Entre otras muchas piezas conmemorativas del centenario, he leído en la revista Tiempo una condensación muy bien hecha por el historiador Ignacio Merino de su Biografía de la Gran Vía, que acaba de publicar Ediciones B. Merino divide su relato viario por tramos, y nos da pinceladas y datos muy interesantes de cada uno de ellos. Así me entero de que Conde de Peñalver no sólo es una calle muy cercana a mi corazón, sino un alcalde de Madrid emprendedor e ilustrado, fundamental en el nacimiento y buena parte de la morfología de la nueva arteria ciudadana, que al ser inaugurada por el rey Alfonso XIII en 1910 llevó en su primer tramo (o Avenida B, y me gusta esa denominación propia de novela utópica) el nombre del conde-alcalde.
Me resulta difícil decidir cuál de los tres tramos me seduce más, aun cuando sea nostálgicamente. En el que va desde la Red de San Luis hasta Alcalá hubo mucho pecado, según cuentan. En los salones de Sicilia Molinero fui, siendo estudiante universitario, a mi primera boda madrileña (excuso decir que yo no contraía), y me causó un cosquilleo el estar al lado del Abra y enfrente de Chicote, bares de renombre deletéreo. Un poco más arriba de la acera del Abra venía la posibilidad de expiación en el Oratorio del Caballero de Gracia, obra maestra de Juan de Villanueva, el autor del Museo del Prado, y una de las joyas artísticas más desconocidas de la ciudad, siempre que se vea desde la fachada principal y entrando a visitar su ingeniosísimo interior.
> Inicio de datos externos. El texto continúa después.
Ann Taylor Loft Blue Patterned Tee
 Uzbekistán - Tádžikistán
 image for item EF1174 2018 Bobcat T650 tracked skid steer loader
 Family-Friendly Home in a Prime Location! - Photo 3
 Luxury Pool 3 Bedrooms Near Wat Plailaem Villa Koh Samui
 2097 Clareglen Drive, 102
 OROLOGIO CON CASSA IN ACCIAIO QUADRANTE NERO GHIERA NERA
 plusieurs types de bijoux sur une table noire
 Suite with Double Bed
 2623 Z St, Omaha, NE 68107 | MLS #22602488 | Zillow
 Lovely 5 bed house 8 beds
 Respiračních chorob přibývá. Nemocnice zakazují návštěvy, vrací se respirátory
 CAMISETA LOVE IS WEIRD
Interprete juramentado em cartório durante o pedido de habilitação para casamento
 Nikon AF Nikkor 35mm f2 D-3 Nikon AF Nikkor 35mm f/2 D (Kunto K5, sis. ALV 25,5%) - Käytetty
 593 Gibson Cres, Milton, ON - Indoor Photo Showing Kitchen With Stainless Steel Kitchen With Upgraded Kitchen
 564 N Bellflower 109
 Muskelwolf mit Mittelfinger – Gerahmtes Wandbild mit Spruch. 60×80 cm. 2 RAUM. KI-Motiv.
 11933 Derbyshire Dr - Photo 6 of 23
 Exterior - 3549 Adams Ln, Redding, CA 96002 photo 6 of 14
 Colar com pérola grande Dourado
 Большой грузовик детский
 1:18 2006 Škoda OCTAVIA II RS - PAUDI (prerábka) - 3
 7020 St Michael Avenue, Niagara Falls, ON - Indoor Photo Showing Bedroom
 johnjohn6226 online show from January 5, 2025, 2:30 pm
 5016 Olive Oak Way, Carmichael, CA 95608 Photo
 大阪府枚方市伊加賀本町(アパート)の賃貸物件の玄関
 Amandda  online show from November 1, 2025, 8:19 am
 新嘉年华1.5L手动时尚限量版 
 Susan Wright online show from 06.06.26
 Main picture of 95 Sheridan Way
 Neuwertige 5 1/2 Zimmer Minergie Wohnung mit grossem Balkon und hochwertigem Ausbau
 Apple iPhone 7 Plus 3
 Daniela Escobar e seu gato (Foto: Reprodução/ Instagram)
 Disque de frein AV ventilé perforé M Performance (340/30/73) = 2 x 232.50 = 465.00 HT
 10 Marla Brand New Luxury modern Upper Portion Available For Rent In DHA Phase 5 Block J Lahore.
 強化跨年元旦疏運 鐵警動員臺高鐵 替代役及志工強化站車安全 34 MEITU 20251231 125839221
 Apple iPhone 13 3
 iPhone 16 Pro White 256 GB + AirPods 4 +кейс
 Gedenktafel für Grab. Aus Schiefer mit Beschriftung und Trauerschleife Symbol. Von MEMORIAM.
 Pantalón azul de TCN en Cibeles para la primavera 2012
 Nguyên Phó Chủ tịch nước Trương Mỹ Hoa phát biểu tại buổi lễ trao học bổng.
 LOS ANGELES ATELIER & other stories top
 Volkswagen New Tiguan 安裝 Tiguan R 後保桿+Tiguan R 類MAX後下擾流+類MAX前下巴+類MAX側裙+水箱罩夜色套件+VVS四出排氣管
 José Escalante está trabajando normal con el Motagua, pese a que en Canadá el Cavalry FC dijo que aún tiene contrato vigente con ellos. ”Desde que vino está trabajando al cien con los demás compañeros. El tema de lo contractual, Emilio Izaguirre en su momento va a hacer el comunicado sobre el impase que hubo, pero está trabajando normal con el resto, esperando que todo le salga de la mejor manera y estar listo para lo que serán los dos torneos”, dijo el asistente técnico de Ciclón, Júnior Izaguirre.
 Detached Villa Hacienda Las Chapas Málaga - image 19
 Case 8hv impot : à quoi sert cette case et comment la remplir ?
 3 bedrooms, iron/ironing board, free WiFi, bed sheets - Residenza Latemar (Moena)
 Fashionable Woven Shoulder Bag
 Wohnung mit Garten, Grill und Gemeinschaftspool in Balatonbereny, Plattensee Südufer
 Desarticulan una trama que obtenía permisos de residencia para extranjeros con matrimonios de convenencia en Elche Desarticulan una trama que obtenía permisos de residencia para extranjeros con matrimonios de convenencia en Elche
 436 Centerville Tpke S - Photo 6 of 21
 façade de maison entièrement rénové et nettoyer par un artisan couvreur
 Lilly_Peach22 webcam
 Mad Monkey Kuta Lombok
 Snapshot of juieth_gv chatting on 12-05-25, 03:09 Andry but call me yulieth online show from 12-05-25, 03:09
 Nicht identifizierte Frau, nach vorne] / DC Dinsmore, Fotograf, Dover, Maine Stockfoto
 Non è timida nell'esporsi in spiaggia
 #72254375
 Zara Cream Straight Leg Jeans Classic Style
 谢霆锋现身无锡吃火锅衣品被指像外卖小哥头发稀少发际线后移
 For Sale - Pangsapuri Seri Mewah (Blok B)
No cabe duda de que estéticamente el más hermoso es el que arranca desde la plaza de España y llega hasta Callao, con su efecto de trompe l'oeil empinado. Aunque tiene construcciones de mérito arquitectónico, para mí es un tramo de marisquerías, el lugar donde vivió mucho tiempo en un apartamento envidiable del edificio Coliseum el escritor Eduardo Mendicutti y, justo al lado, del ya inexistente cine Azul, donde era fácil sentirse blue y, años después de leer a Pombo, me atreví a situar una escena de alta comedia freudiana dentro de una novela de comunistas.